Naïm Sliti a vécu une fin de saison formidable. Avec le Red Star, le meneur de jeu a espéré jusqu’au bout qu’une montée en première division était possible. Grâce à ses belles prestations en club, le stratège audonien a été nominé au titre de meilleur joueur de Ligue 2, aux trophées de l’Union Nationale des Footballeurs Professionnels, pour finalement apparaitre dans le onze type. Cette reconnaissance du football français s’est accompagnée de celle du sélectionneur national, Henry Kasperczak, qui le convoque pour la première fois avec les Aigles de Carthage pour le stage de juin. Affable, souriant et disponible, le natif de Marseille a pris le temps pour 2022mag.com de revenir sur cette année pas comme les autres.
Je suis très attaché à la Tunisie
2022mag.: Quelle a été votre réaction au moment de recevoir votre première convocation pour la sélection tunisienne?
Naim Sliti : Je suis très content d’avoir été appelé et de faire partie de ce groupe. Je suis aussi heureux pour ma famille.

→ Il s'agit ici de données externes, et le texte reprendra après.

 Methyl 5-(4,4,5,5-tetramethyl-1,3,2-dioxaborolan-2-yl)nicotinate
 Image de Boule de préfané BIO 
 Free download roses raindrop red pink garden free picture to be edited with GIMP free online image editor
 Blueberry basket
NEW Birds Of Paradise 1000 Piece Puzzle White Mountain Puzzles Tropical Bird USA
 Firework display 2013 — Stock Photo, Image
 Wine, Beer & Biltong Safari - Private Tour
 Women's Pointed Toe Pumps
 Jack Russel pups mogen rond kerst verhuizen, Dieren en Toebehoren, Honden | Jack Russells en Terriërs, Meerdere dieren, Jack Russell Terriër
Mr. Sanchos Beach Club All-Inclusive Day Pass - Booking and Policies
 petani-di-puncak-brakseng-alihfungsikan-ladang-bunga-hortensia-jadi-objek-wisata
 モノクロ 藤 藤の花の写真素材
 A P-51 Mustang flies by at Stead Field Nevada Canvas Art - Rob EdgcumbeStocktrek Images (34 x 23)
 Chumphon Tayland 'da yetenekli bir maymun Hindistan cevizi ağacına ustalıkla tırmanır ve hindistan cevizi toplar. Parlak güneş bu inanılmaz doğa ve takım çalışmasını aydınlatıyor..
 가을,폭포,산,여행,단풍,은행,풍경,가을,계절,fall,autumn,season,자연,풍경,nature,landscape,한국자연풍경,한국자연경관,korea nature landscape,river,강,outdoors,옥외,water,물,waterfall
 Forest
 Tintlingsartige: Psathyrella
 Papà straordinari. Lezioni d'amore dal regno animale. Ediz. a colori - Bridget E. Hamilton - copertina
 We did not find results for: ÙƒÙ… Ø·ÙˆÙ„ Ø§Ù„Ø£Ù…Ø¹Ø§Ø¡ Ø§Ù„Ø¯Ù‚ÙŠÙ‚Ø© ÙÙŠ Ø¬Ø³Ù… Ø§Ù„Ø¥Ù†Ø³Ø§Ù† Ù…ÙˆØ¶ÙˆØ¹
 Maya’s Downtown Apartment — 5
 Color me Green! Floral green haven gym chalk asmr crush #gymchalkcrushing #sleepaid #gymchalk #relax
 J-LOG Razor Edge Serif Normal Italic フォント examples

Henry Kasperczak a tenu des propos élogieux à votre égard. « C’est un garçon très intéressant, technique et doté d’une belle intelligence dans le jeu ».Quand on lit cela, qu’est ce qu’on se dit?
Cela fait plaisir. Je sais qu’ils me suivent de très près. J’ai failli venir au dernier regroupement.J’espère en être en juin. C’est bien de connaitre un peu le groupe, les joueurs importants.
Avez vous eu l’occasion d’échanger avec lui?
Je l’ai eu à plusieurs reprises au téléphone pour la sélection du mois de mars. Il m’a même appelé pour me dire qu’il n’allait pas me prendre. Cela montre qu’il me fait confiance. Il aurait pu ne rien me dire. Il m’a dit qu’il avait fait un choix mais qu’il comptait toujours sur moi.
Jouer pour les Aigles de Carthage a-t-il toujours fait partie de vos objectifs ?
Oui. C’est un autre statut que d’être international. On joue pour son deuxième pays. J’ai vraiment envie d’y aller.
Vous êtes convoqué avec les A. Aviez vous été approché par la fédération quand vous étiez plus jeune?
Un peu mais ils n’ont pas été très sérieux avec moi. On m’a promis de me rappeler. Au final, il n’y a rien eu. Le plus important, c’est l’équipe A.
A quelques centaines de kilomètres de votre ville de naissance Marseille se trouve la Tunisie. Quels liens entretenez vous avec ce pays?
De très, très bon rapports. Je suis très attaché à ce pays.J’y vais souvent. Toute la famille du coté de mon père est d’El Krib, à 120 km de Tunis. A coté des ruines de Douga. Cela ferait plaisir et ce serait une fierté pour ma famille si j’allais en sélection. Pour eux, j’espère que je vais faire une bonne carrière.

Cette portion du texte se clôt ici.